COMMUNIQUE DE PRESSE
Je me félicite que l’OCDE soit – enfin- parvenu à un accord après deux ans d’âpres négociations ; car il faut rappeler que le chantier BEPS dont il est question (pour « Base erosion and profit shifting » : Érosion de la base fiscale et fuite des bénéfices) a été ouvert en 2013.
Le plan de l’OCDE est un progrès à la fois symbolique et concret.
L’accord est symbolique, avant tout, puisqu’il signifie que 34 Etats ayant 34 politiques fiscales différentes se sont accordés sur des objectifs, et sur des mesures concrètes, afin de lutter contre l’érosion de l’assiette de l’impôt des sociétés et contre les pratiques fiscales déloyales. Un tel travail couronné d’un tel consensus était impossible il y a quelques années encore. J’y vois la preuve que la justice fiscale est au cœur de l’agenda politique.
Il est aussi pragmatique, car l’OCDE, en tant qu’ « incubateur de normes », diffuse des bonnes pratiques qui sont appelées, théoriquement, à devenir des références mondiales. L’immense majorité des conventions fiscales bilatérales suivent déjà le modèle de l’OCDE, je souhaite autant de succès aux propositions qui ont été adoptées aujourd’hui. Si elles parviennent à s’imposer comme des lignes directrices au niveau mondial pour chaque Etat, l’optimisation fiscale s’en trouvera certainement freinée.
Mais face aux multinationales, l’Union européenne doit prendre le relais
Contrairement à ce qui est relayé aujourd’hui, l’accord ne signifie pas que les Etats vont, sans attendre, mettre en oeuvre chacune de ses mesures et les inscrire dans la loi… J’aimerais souligner que l’OCDE ne produit que du « droit mou », ou soft law.
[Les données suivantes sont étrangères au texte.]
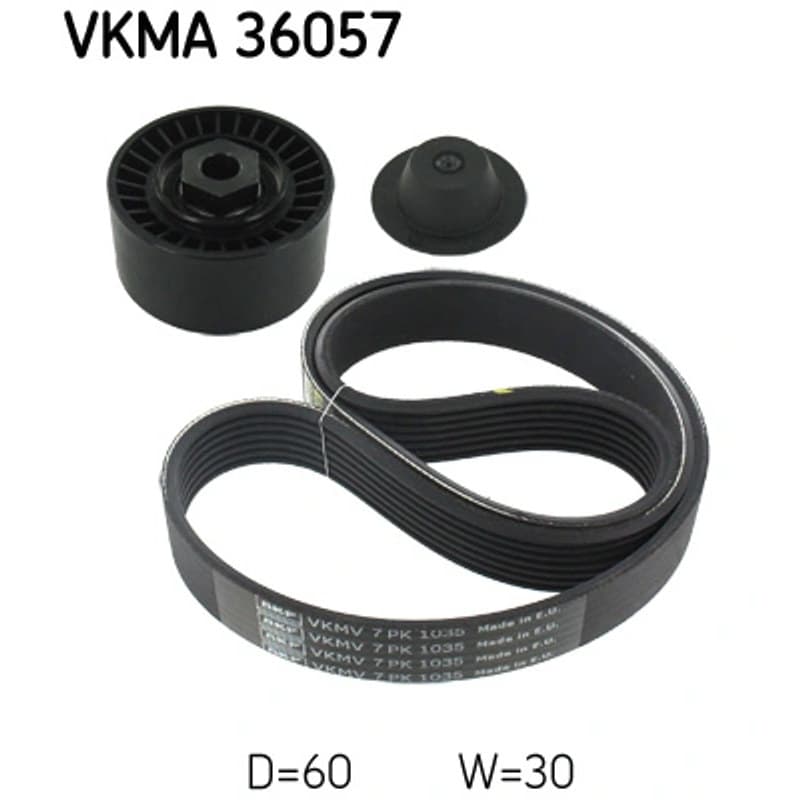 SKF VKMA 36057 V formos rumbuotas diržas, komplektas
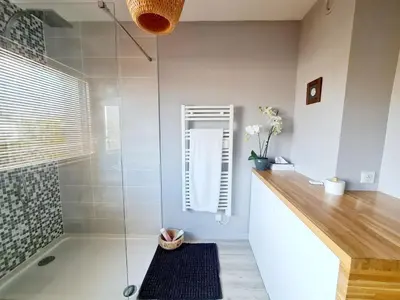 Salle de bains dans l'établissement Splendide appartement face à la mer, parking, wifi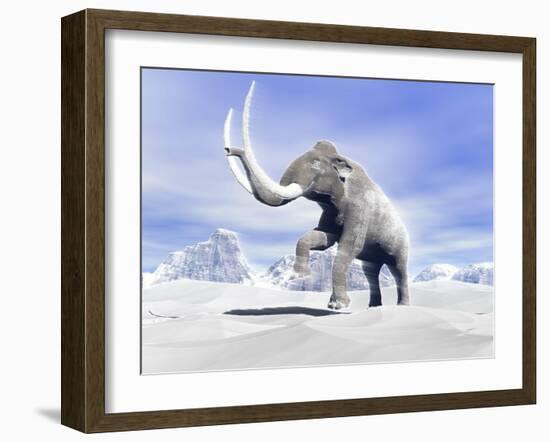 Large Mammoth Walking Slowly on the Snowy Mountain Against the Wind-null-Framed Art Print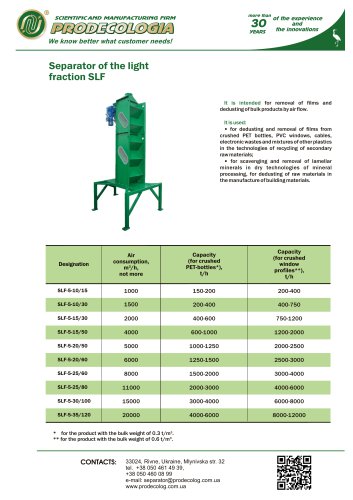 Separator of the light fraction SLF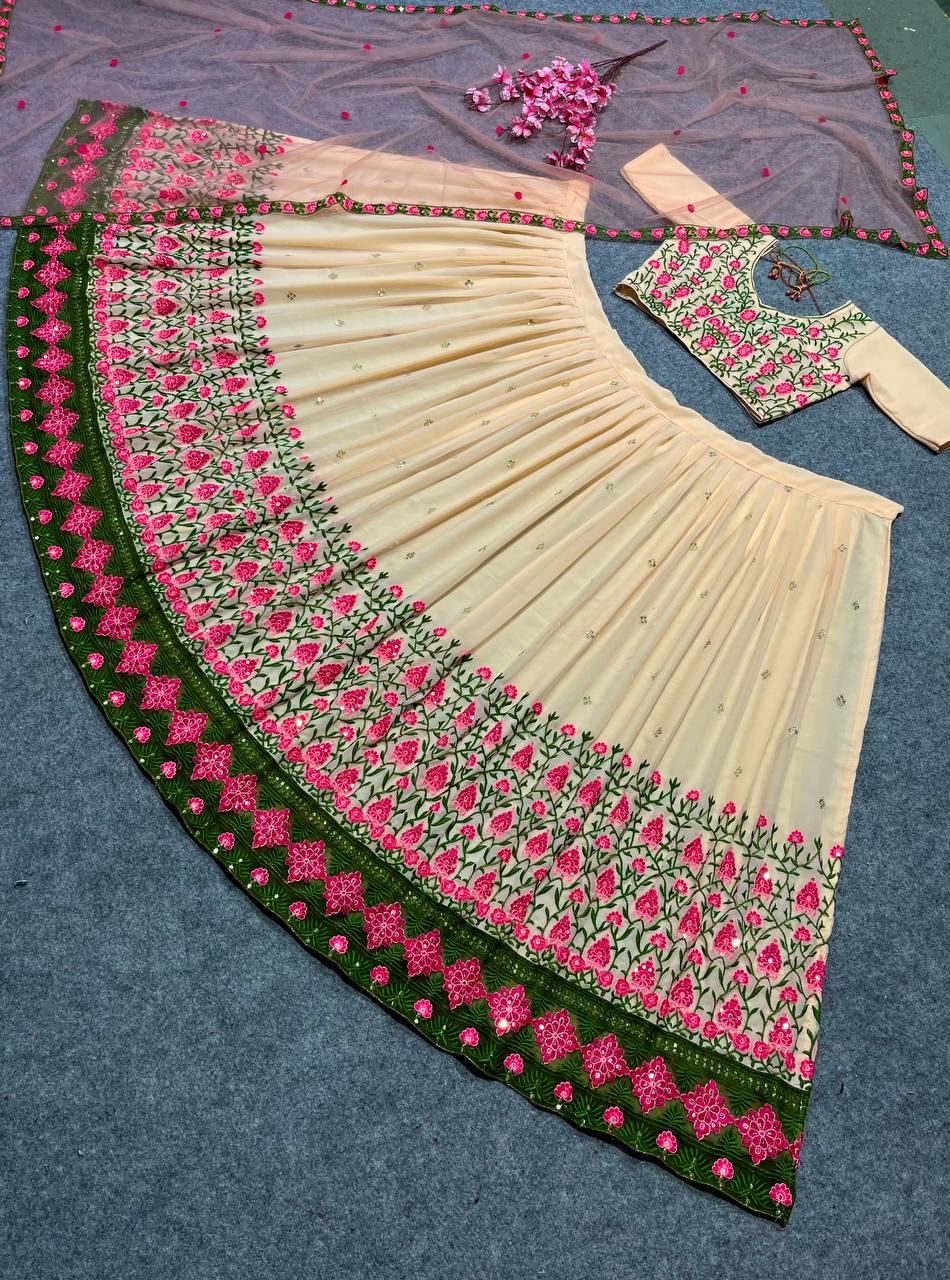 Chiku Pink colour Colour Embroidered Attractive Party Wear Silk Lehenga choli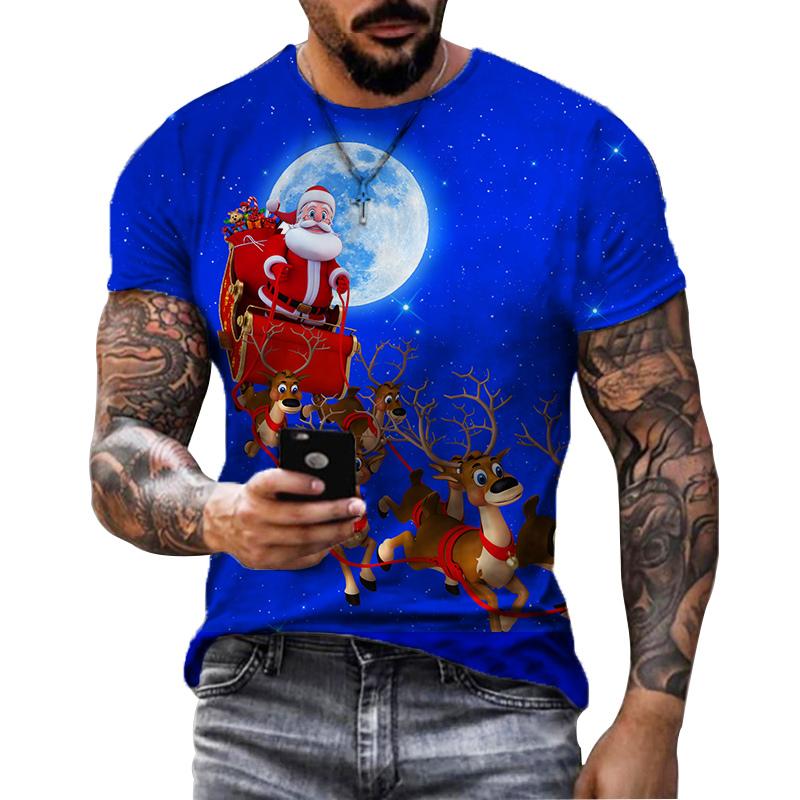 Weihnachten 3D bedrucktes T-Shirt Herrenmode Herren und Damen Casual Kurzarm Weihnachtsmann Weihnachtsabend Shirt Top T-Shirt M von Joom DACH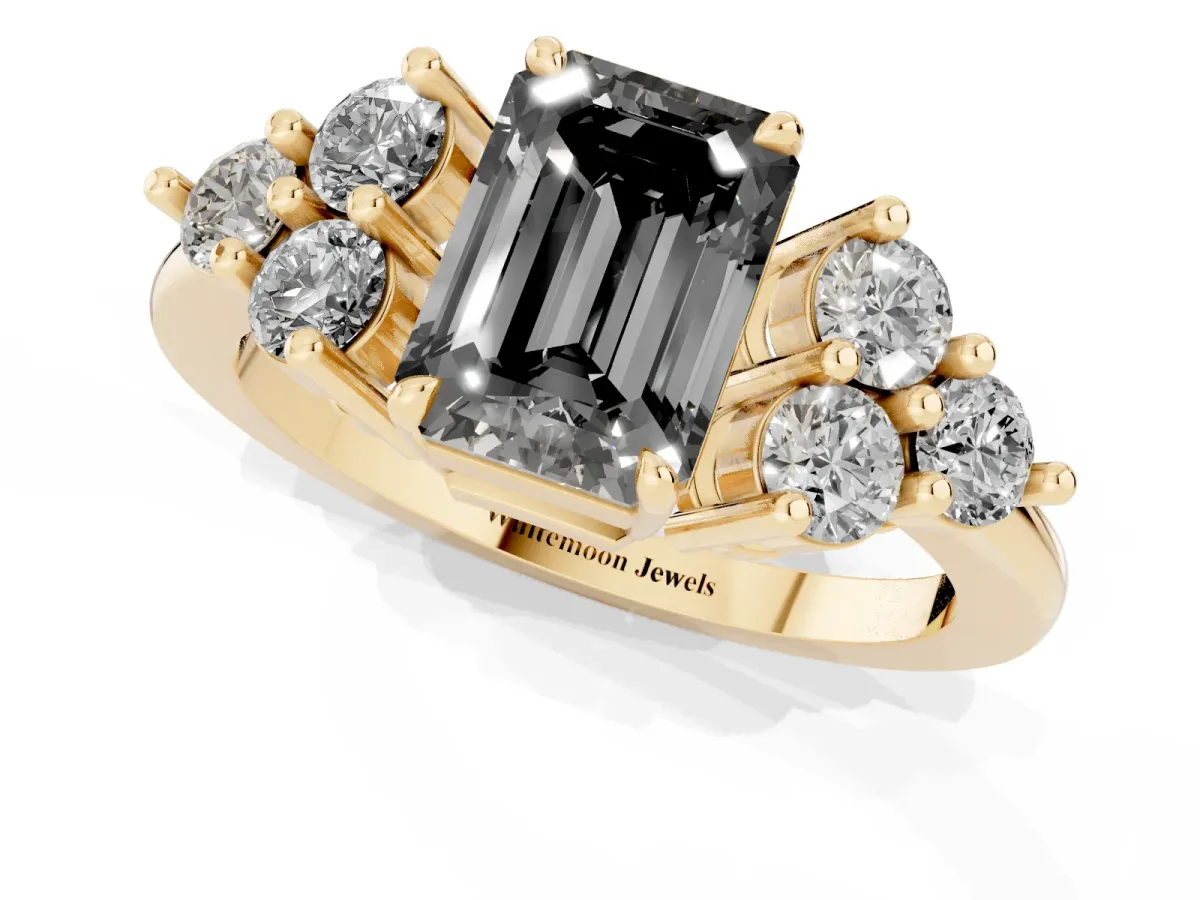 Fancy Black Emerald Cut Brilliant Diamond Cluster Accent Solitaire Ring with Prong Setting Yellow gold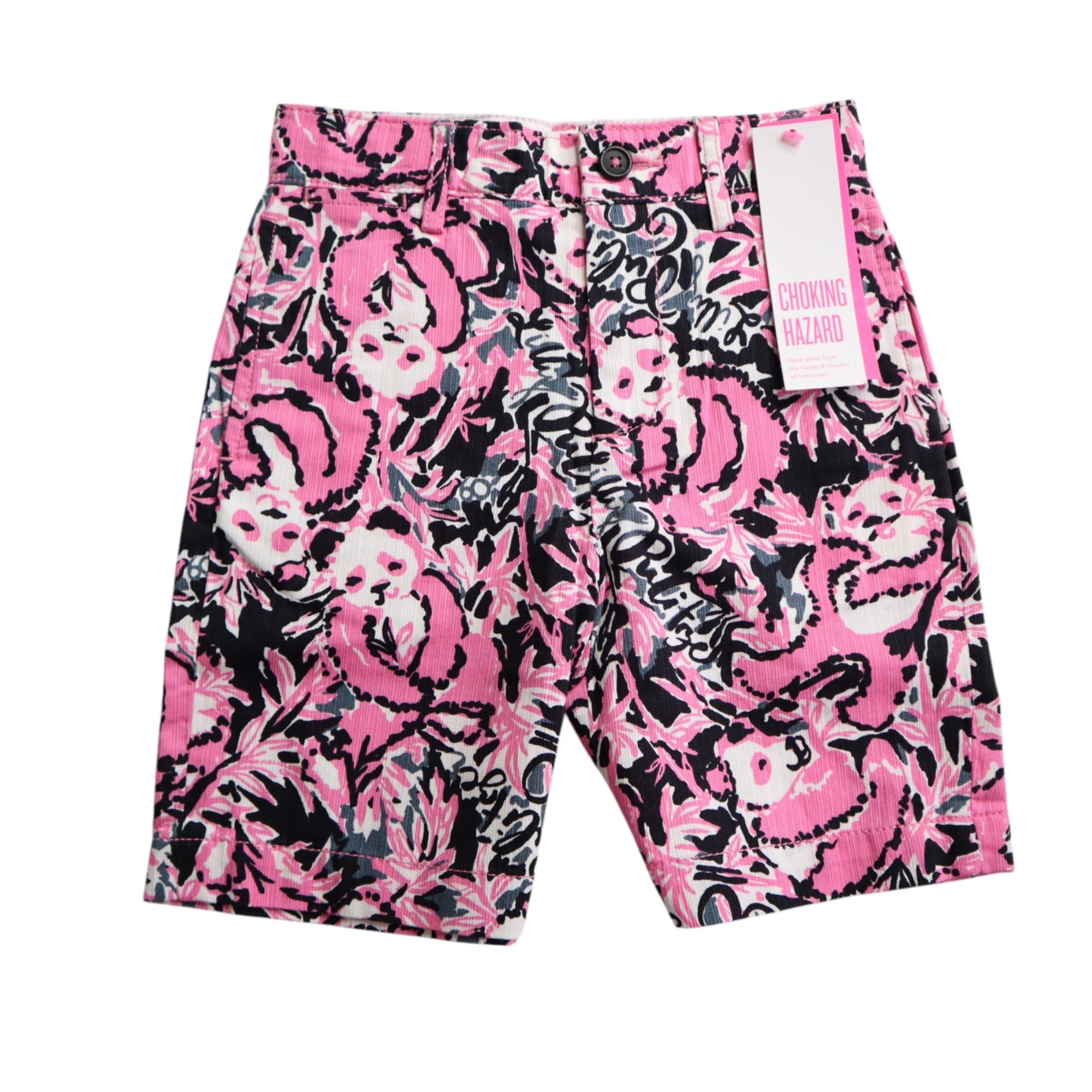 Lilly Pulitzer "Hangin with my Boo" Hibiscus Pink Boys Beaumonth Shorts Size 2 NWT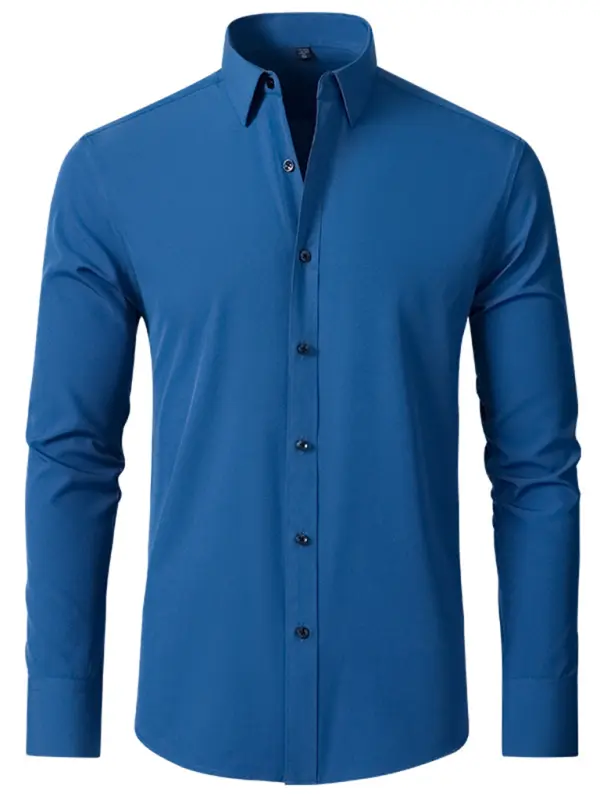 Men's non-iron wrinkle-resistant long-sleeve shirt - Ladoj
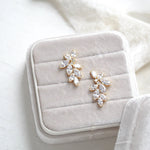 Rose gold cubic zirconia cluster stud bridal earrings- Heidi - Treasures by Agnes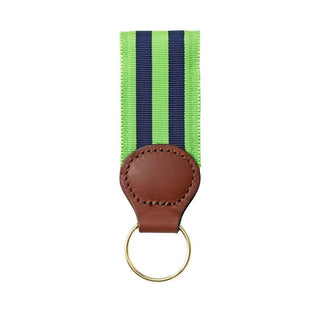 Barrons-Hunter Navy & Lime Stripe Key Ring with Leather Trim WG217KS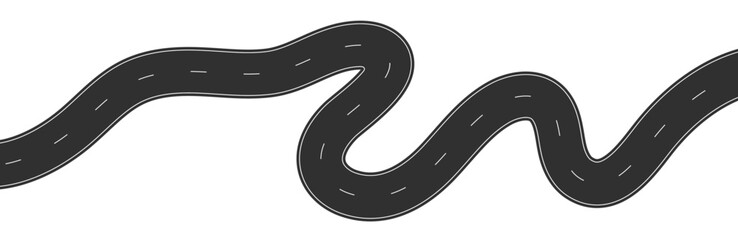 Winding road top view, curved highway path with lane markings, long trip route map, wavy street track design. Flat vector illustration isolated on white background.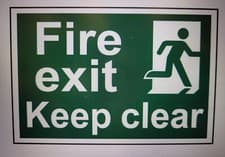 Image of Scan Fire Exit Keep Clear - PVC Sign 300 x 200mm SCA1513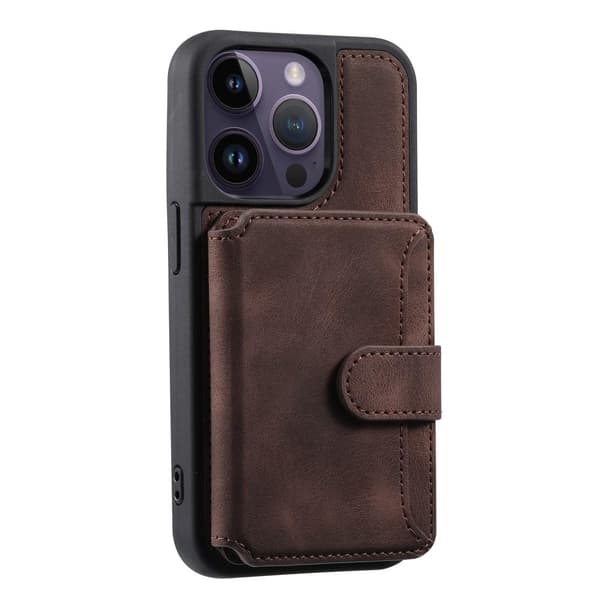SKALO iPhone 15 Pro Max PU-læder Cover med Pung - Brun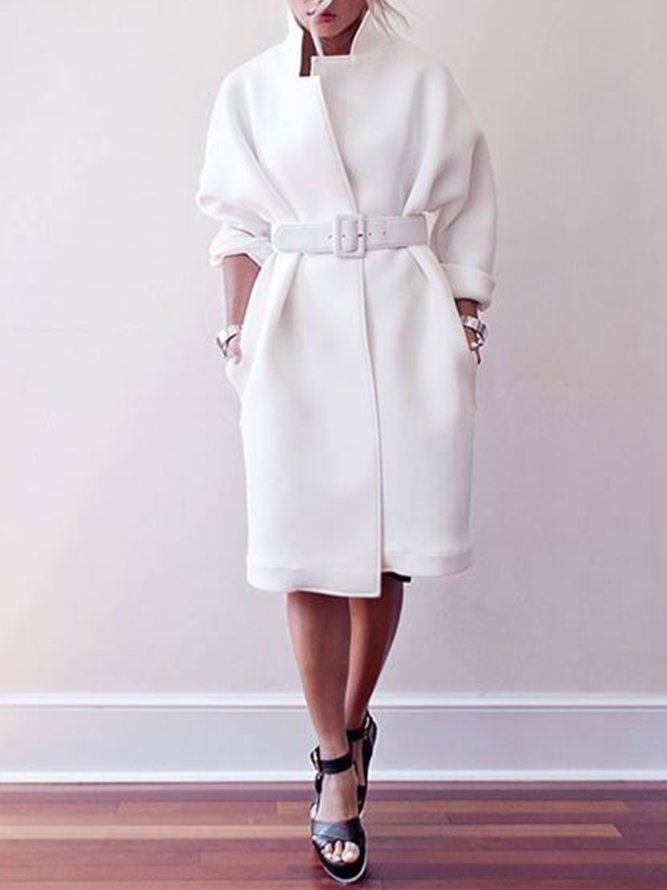 Simple Lady Vintage Flat Collar Plain Overcoat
D’un côté, cela permet d’avancer assez loin dans le consensus, comme le plan BEPS le prouve aujourd’hui ; de l’autre, cela limite la réalité législative à des mesures minimales, comme le niveau toujours très élevé des pertes fiscales le prouve !
Or, le travail que nous avons mené avec la commission spéciale TAXE du Parlement européen (sur l’optimisation fiscale agressive et les rescrits fiscaux) a révélé la puissance, la technicité et la détermination dont font preuve les multinationales et les grands cabinets de conseil pour maintenir leurs montages de contournement de l’impôt. C’est la raison pour laquelle seule une approche contraignante sera capable de venir à bout de certaines pratiques. Ce cadre doit être le plus large et le plus harmonisé possible : au niveau de l’Union européenne.
La situation est urgente car c’est un des principes fondamentaux de la démocratie qui est en jeu : l’égalité devant la contribution publique, l’égalité devant l’impôt. L’immense majorité des PME s’acquittent fidèlement et avec exactitude de leurs obligations fiscales, pendant que quelques très grandes entreprises multinationales font échapper des sommes considérables aux recettes publiques et s’acquittent de taux d’impôt parfois dérisoires ! La façon la plus simple et aussi la plus ambitieuse de pallier cette inégalité aujourd’hui, est de mettre en place le projet ACCIS : une assiette commune consolidée d’impôt sur les sociétés, complète (c’est à dire véritablement consolidée, s’appliquant au niveau du groupe) et obligatoire. Les Etats conserveraient la fixation du taux d’impôt, mais l’assiette de l’impôt serait calculée de manière uniforme dans toute l’Union pour éviter les montages d’optimisation agressive.